Как-то ночью, незадолго до наступления нового года, я был вызван из камеры «с вещами». Я провел здесь более года. И куда теперь?
Этап освобождал меня из тюрьмы — сработал прокурорский вердикт, и предстоял новый прыжок в неизвестность. Опять тревоги о том, как сложится жизнь и не покинет ли надежда на адаптацию на новом месте. Все нужно начинать сначала.
Было морозно. В Красноярске давно выпал снег. Этап в такую пору явно нежелателен. Морозы в этих краях суровы; лагерная одежонка «аховая», добираться пешком к дальнему пункту — испытание не из приятных.
Часть заключенных высадили из «воронка» у знакомого, с решетками, вагона. Конвойный начальник сверил документы с теми, у кого он нас принимал, и отпустил машину.
Тюремный вагон, как правило, у паровоза. Отапливается на всю железку. Когда в обычном купе едут просто пассажиры или командированные, тепло в вагоне доставляет чувство комфорта, располагает ко сну или разговору. Если же в купе едут полтора-два десятка заключенных, жара и духота вызывают сильную жажду и желание раздеться донага. Тут уж не до комфорта.
В вагоне было жарко. После «воронка» стали согреваться ноги.
Вагон следовал с Урала на Восток, по дороге одних ссаживали, других принимали: можно было только изумляться тому, сколько же на пути следования было лагерей и тюрем усиленного режима («закрытки», как их называли заключенные, сюда посылали за самые тяжелые преступления в лагерях).
Вспомнил о них не случайно, в вагоне с нами ехали воры, которых и везли в «закрытку». Их обычно не мешали с 58-й. Подсадить вора к «мужикам» конвой мог только на свой риск, чтобы «провернуть» какое-нибудь грязное «дельце».
Воры оказались за перегородкой, их разговоры нам хорошо были слышны. Иногда они обращались к «мужикам» и настойчиво просили «подогреть».

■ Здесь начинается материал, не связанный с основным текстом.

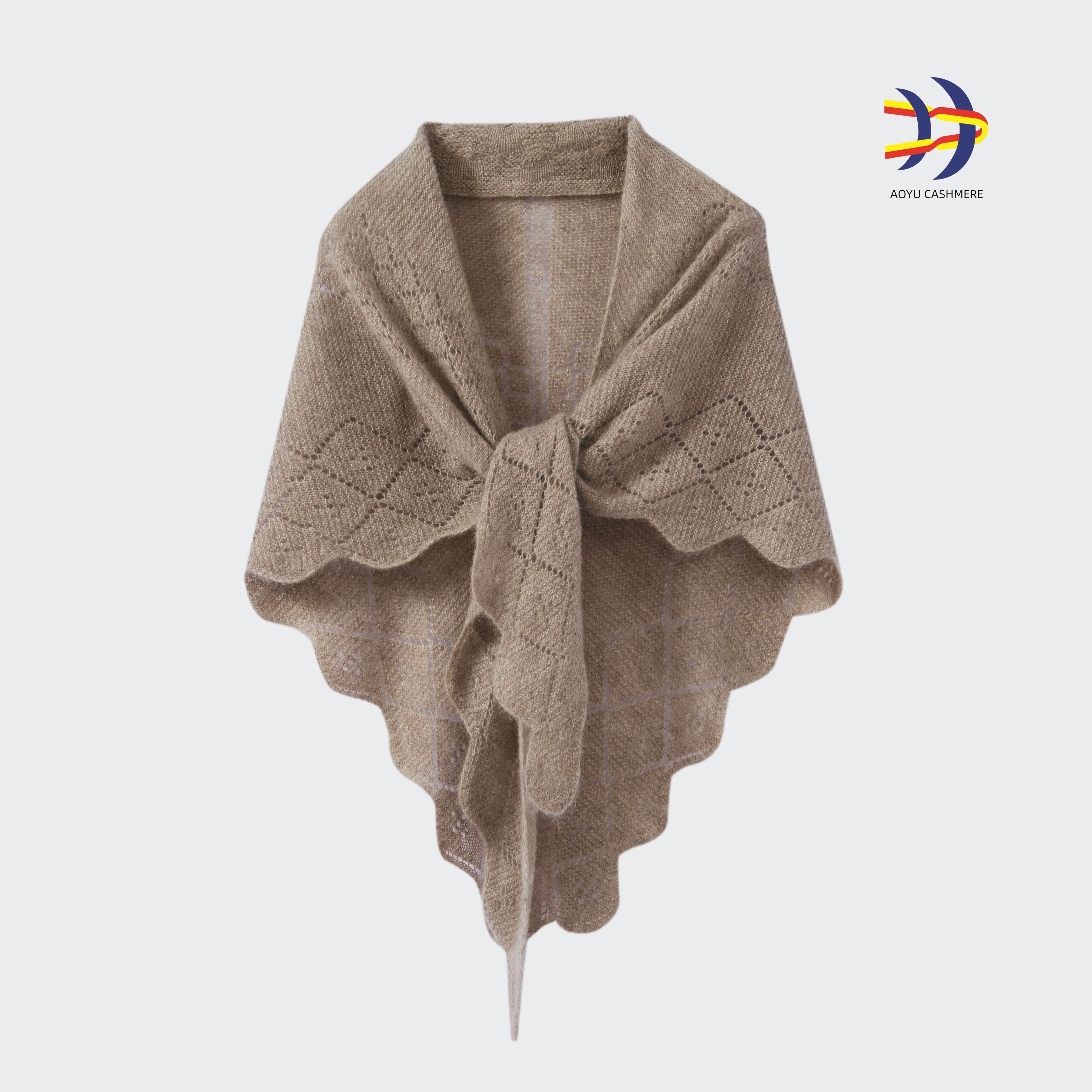 2023 Winter Fall Fashion High-end Luxury Pure Cashmere Scarves Shawls For Women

Жара в купе усиливалась. Мучила жажда, тянуло в туалет. Но конвоир невозмутимо ходит по коридору и не реагирует на просьбы начать оправку. Но, наконец, не выдержал. (Откликаются обычно редко — это те, у кого не до конца очерствела душа к арестованным.)

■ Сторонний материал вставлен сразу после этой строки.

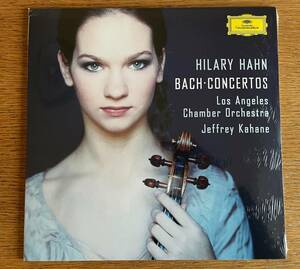 【 未使用180g盤】HILARY HAHN / BACH CONCERTOS ヒラリー・ハーン / J.S.バッハ ヴァイオリン協奏曲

После оправки солдат совершает еще шаг милосердия:
— Последнее купе свободно. Желающие могут перейти туда.
Зэки молчат. Последнее купе воровское. Об этом знают все. Первый вопрос воров к соседям звучал нагло и бесцеремонно:
— Мужики, воры есть?
Желающих перейти к ним не оказалось.
Простые смертные не спешат в их компанию. Их наглые притязания, изощренный мат и рукоприкладство, открытый грабеж на глазах вызывают растерянность людей, сталкивающихся с ними впервые.
Уж лучше изнывать в переполненном купе с 58-й, чем перейти в прохладную камеру блатного окружения. Как и другие, я тоже не имел желания перебраться к ворам. Однако потом во мне появилась странная и необъяснимая мысль: «… а что, если?»
К уркам я всегда относился неприязненно — меня отталкивала их гнилая суть. Если же мне не удавалось избежать общения с ними, то наводил «тень на плетень». Я не подделывался под блатного, а, скрывая свою антипатию, старался проявить показную независимость и не походить на «фраера». На этот раз во мне сработало это авантюрное начало. Время, прожитое в заключении, помогло мне пойти на опасный контакт. Независимость ставила простого человека при общении с уголовниками в равное положение.
— Начальник, переведи меня в соседнюю… — обратился я к караульному.
Солдат удивленно посмотрел, отодвинул дверь и выпустил в коридор. Затем открыл соседнее купе. Я прошел в темное пространство. Внизу были пустые полки, а голова уперлась в раскрытую крышку нар второго этажа.
Дверь захлопнулась, и я остался внизу один. Кто-то стал спускаться сверху. Я увидел человека, темнота скрывала лицо.
— Здорово, мужик, откуда?
— Только из Красноярска.
— Срок «тянешь» давно?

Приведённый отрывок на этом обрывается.